X

Microsoft does multimedia in slow motion

Often characterized by internal squabbling, Microsoft's various groups working on 3D graphics technology for the PC and the Web have delivered more confusion and delay than product to market in recent years.

Paul Festa Staff Writer, CNET News.com
Paul Festa
covers browser development and Web standards.
Paul Festa
7 min read
At Microsoft's computer graphics laboratory, they are running out of back burners.

Often characterized by internal squabbling, Microsoft's various groups working on 3D graphics technology for the PC and the Web have delivered more confusion and delay than product to market in recent years. And the fates of their various efforts are often so nebulous that Microsoft's employees, partners, and customers cannot agree whether they are living, dead, or, in the words of one insider, left "just twitching."

Hanging in the balance is control over technologies that proponents have long promised would revolutionize computing online and off. To date, however, they have yielded little to the average consumer. The challenge for Microsoft and its competitors in the computer and Web graphics market is to maintain the technological upper hand in anticipation of widespread consumer demand that has yet to materialize.

Within Microsoft's graphics world there are three technologies in various states of limbo.
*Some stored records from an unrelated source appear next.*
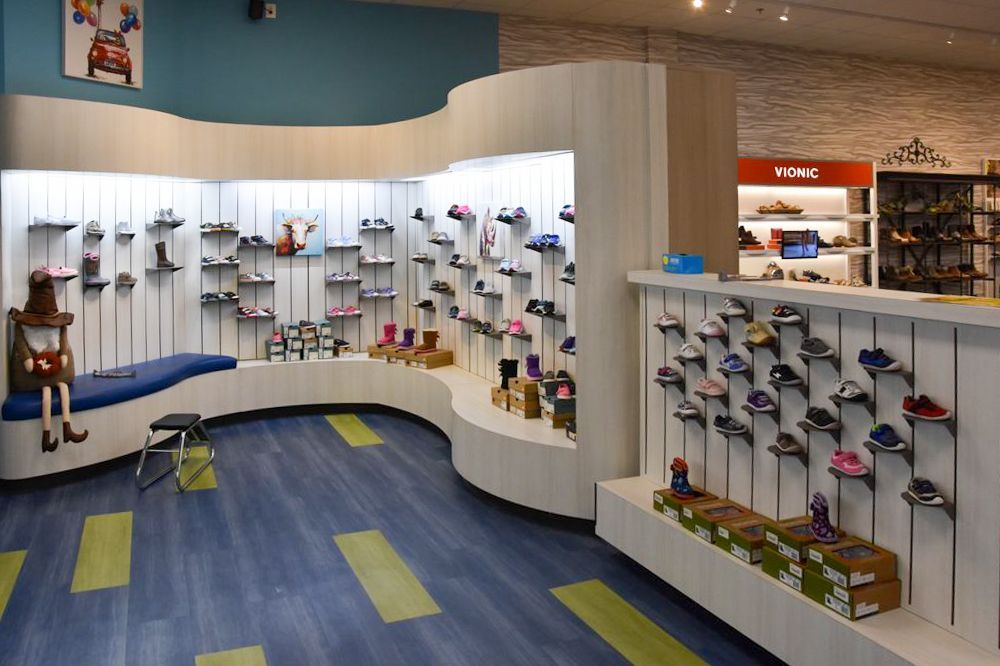 Shoe store interior with curved display shelves, shoes, blue flooring, and a child's toy.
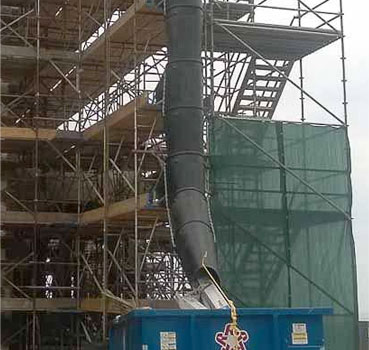 External chute on a construction site feeds a dumpster on the ground
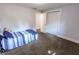 This bedroom features neutral walls, plush carpet and a large closet with a folding door and a bed at 110 Highland Ave, Franklin, IN 46131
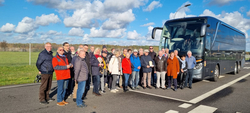 Fröhliche Reisegruppe älterer Menschen posiert vor einem dunklen Reisebus an einem sonnigen Tag.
They are Fahrenheit, a project to fuse parts of Microsoft's and SGI's graphics programming interfaces; Chromeffects, a set of technologies to bring graphics common on personal computers to the Web; and Talisman, a graphics chip architecture.

All three of these technologies, like many in the same category that have never seen the light of day, have emerged and then foundered in a swift, quixotic market for computer and Web graphics. In addition to facing elusive demand, Microsoft has had to contend with smaller firms that have been able to maneuver around Microsoft in getting their products to market at cheaper prices and with lighter bandwidth demands.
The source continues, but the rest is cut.